LayerFlowを紹介します。これはレイヤーを意識したビデオ生成のための統合ソリューションです。レイヤーごとのプロンプトを与えることで、LayerFlowは透明な前景、クリーンな背景、そしてブレンドされたシーンのビデオを生成します。また、ブレンドされたビデオを分解したり、与えられた前景に対する背景を生成するなど、多様なバリエーションもサポートします。テキストからビデオへの拡散トランスフォーマーを出発点として、異なるレイヤーのビデオをサブクリップとして整理し、レイヤー埋め込みを活用して各クリップと対応するレイヤーごとのプロンプトを区別します。これにより、前述のバリエーションを一つの統合フレームワークでシームレスにサポートします。高品質なレイヤーごとのトレーニングビデオが不足しているため、高品質なレイヤーアノテーションを持つ静止画像に対応するための多段階トレーニング戦略を設計しました。具体的には、まず低品質のビデオデータでモデルをトレーニングします。次に、モーションLoRAを調整して、モデルが静止フレームと互換性を持つようにします。その後、高品質なレイヤー画像とコピーペーストされたビデオデータの混合データでコンテンツLoRAをトレーニングします。推論時には、モーションLoRAを除去することで、望ましいレイヤーを持つ滑らかなビデオを生成します。

English

We present LayerFlow, a unified solution for layer-aware video generation.
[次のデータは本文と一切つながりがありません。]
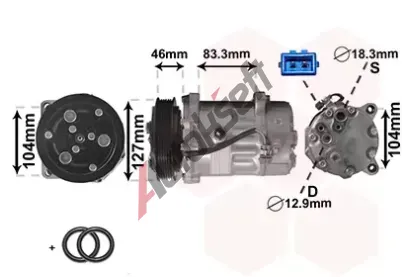 VAN WEZEL Kompresor - klimatizace VAW 5800K050, 5800K050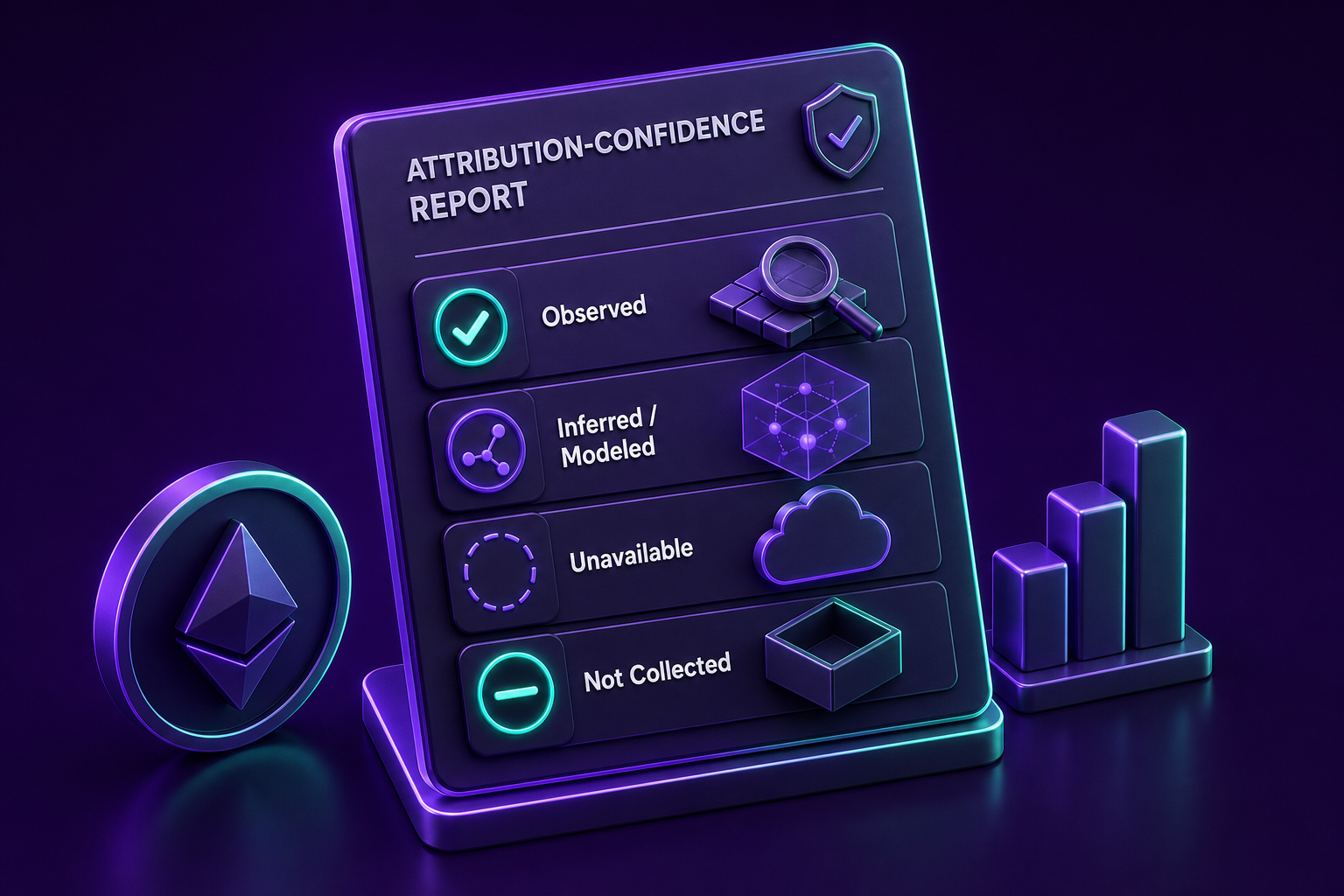 An image of the Creative Impact Group in-house Attribution-Confidence Report.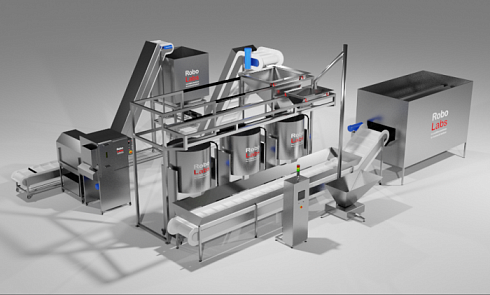 RoboFactory 300 kg/h Caramel Popcorn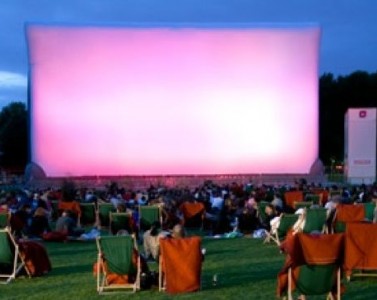 Cinéma de plein air : la vache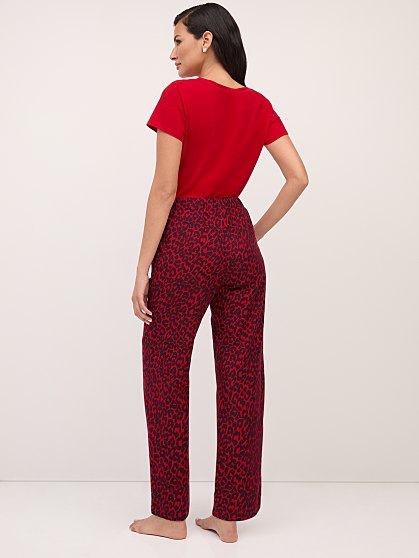 59.95 LEOPARD PJ SET RED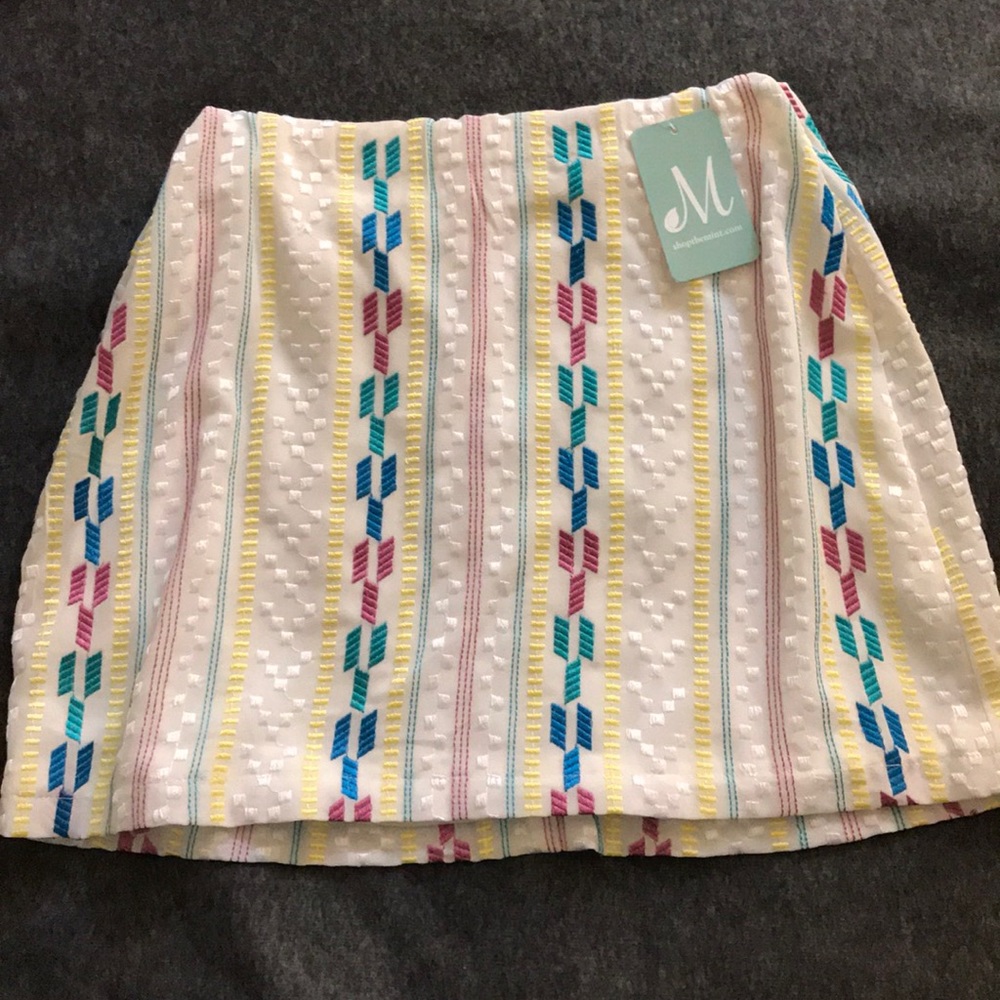 Embroidered Miniskirt from Boutique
Given per-layer prompts, LayerFlow generates videos for the transparent foreground, clean background, and blended scene. It also supports versatile variants like decomposing a blended video or generating the background for the given foreground and vice versa. Starting from a text-to-video diffusion transformer, we organize the videos for different layers as sub-clips, and leverage layer embeddings to distinguish each clip and the corresponding layer-wise prompts. In this way, we seamlessly support the aforementioned variants in one unified framework. For the lack of high-quality layer-wise training videos, we design a multi-stage training strategy to accommodate static images with high-quality layer annotations. Specifically, we first train the model with low-quality video data. Then, we tune a motion LoRA to make the model compatible with static frames. Afterward, we train the content LoRA on the mixture of image data with high-quality layered images along with copy-pasted video data. During inference, we remove the motion LoRA thus generating smooth videos with desired layers.